Help understanding retention behaviour of PR 'Ignore Identical Snapshots' #2049

Hello !

I am trying to figure out how policy option --ignore-identical-snapshot behaves .

I read the merged code to no avail for I lack data structure and architecture context.

Say, there are many identical snapshots, which is the unique representative of them all ? Does it get updated with the last identical snap ? I am asking because this implies different behavior for retention policy.

Consider we set 100 days policy retention and have 100 identical snapshots from daily snaps. Do I get a single 100-day label or a 1-day retention label from today ?

+1 day later increments the formal number to 101 identical snapshots (daily). Following previous cases , and remembering nothing happens at the same time :
Does the single snapshot get outdated (deleted) or does the 1-day label refresh (reassign) to it ? In the former case, before or after (depending on execution order, be it +1 more day later), we would get a state with a newly snap newly made from scratch and yet identical to the one deleted.
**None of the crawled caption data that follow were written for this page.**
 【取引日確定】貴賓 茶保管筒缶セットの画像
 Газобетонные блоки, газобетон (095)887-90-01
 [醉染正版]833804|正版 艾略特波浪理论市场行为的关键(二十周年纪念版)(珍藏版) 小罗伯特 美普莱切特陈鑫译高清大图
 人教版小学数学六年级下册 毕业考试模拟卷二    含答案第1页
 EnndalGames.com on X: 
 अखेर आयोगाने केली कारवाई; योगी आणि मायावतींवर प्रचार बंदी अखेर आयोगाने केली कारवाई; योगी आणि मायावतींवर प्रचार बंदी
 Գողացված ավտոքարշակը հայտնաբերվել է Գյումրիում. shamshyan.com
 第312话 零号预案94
Ignore Identical Snapshots is UI only functionality. It makes viewing relevant snapshots easier by squashing identical ones.
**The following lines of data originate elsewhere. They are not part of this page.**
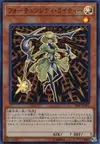 Product image for Fortune Lady Light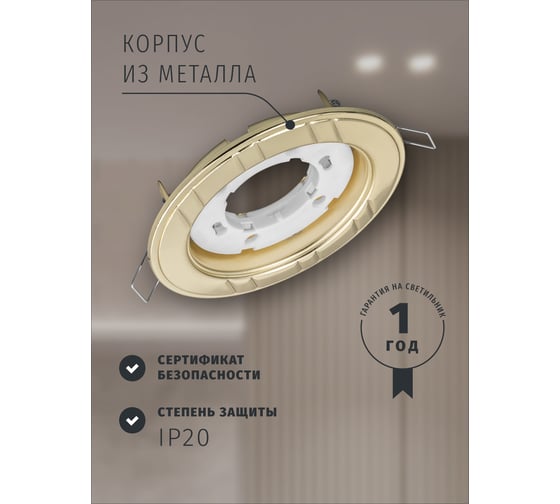 Светильник Navigator NGX-R7-002-GX53 (6 полос золото) 93045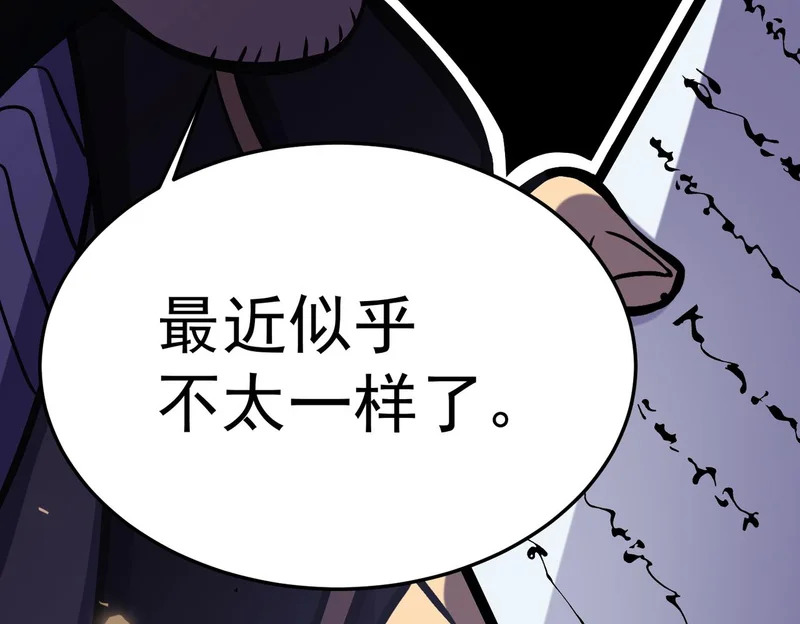 怀疑的种子 第57页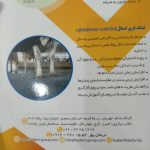 ابزار پرورش دام سنگین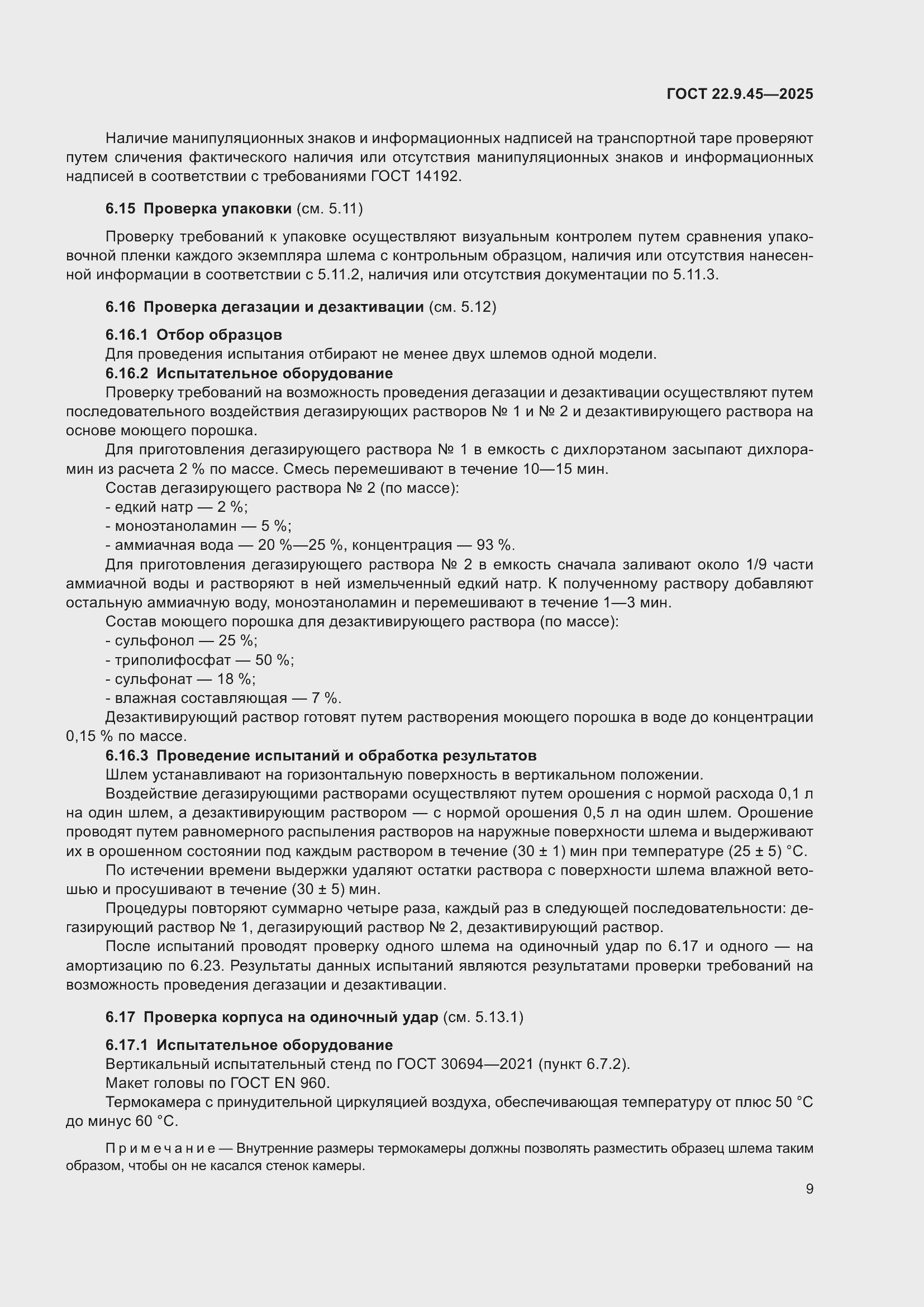 ���� 22.9.45-2025. �������� 13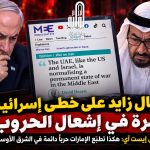 عيال زايد على خطى إسرائيل.. خبرة في إشعال الحروب! ميدل إيست أي : هكذا تطبّع الإمارات حرباً دائمة في الشرق الأوسط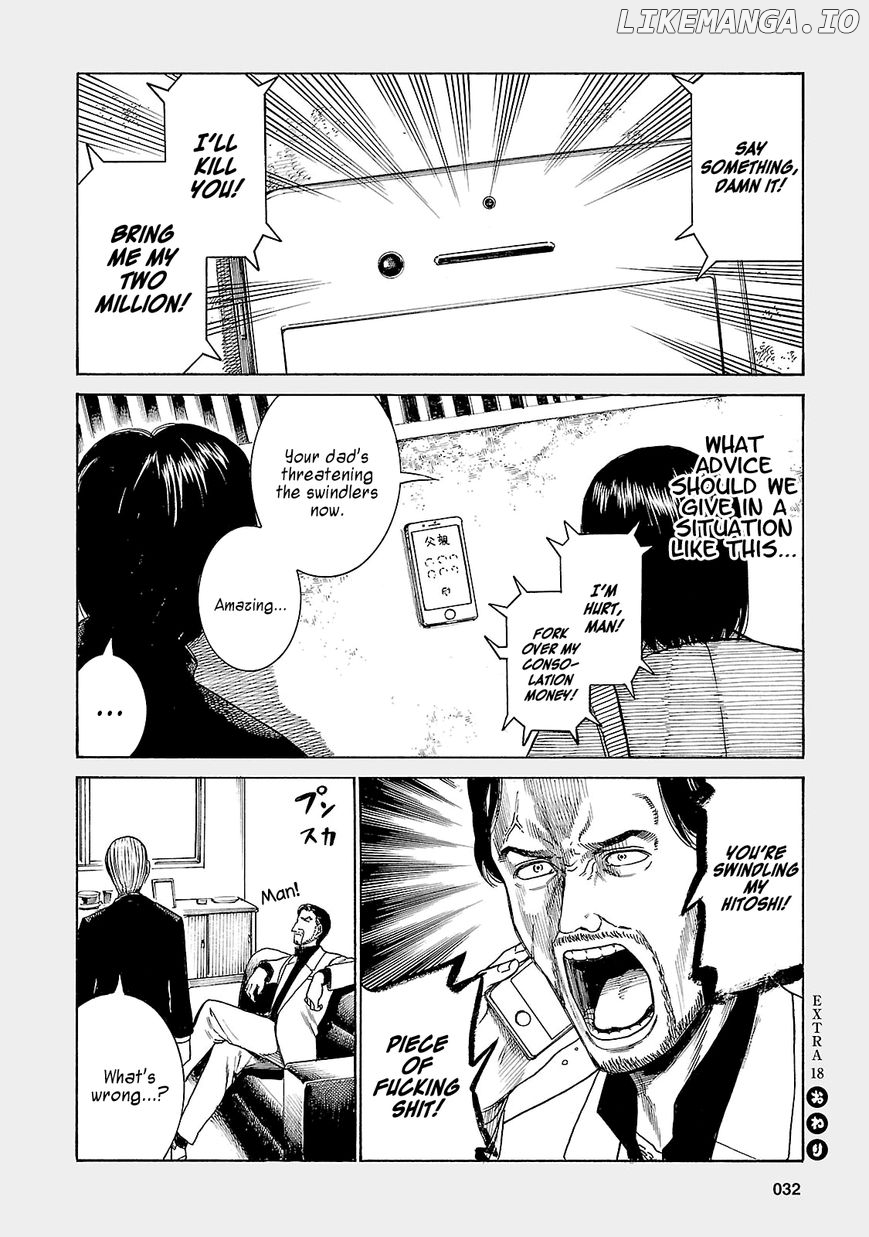 Hinamatsuri chapter 44.5 - page 6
It does not affect any retention behaviour.

I think what you are referring to is the option to show/hide identical snapshots (kopia snap list --[no-]show-identical). But as far as I can tell @milvi is referring to the policy setting (kopia policy set --ignore-identical-snapshots=true).

From what I can tell this option does the following: Before saving a snapshot it is compared to the previous snapshot. If there are no changes the snapshot is discarded and no data is saved. This option does not have any effect on previously made snapshots nor retention policies.

If you enable this option on a repository/policy which already has identical snapshots saved you will have to delete the identical snapshots manually. @budy wrote a script for that but I’m currently unable to find it.

I still have the Perl skript, which I used to remove all the “exccess” snapshots. If anyone is still interested, I can share it. At the time, I wrote that, we faced an issue, with backing up a client to a remote server, where the client’s repo had accumulated approx. 196k snaps, which did bug out KopiaServer.

At that time, I set the policy to ignore identical snapshots and removed all the identical ones, which brought he number of snaps down to 20k or so. Unfortuanetly, the underlying issue seems to have never been fixed.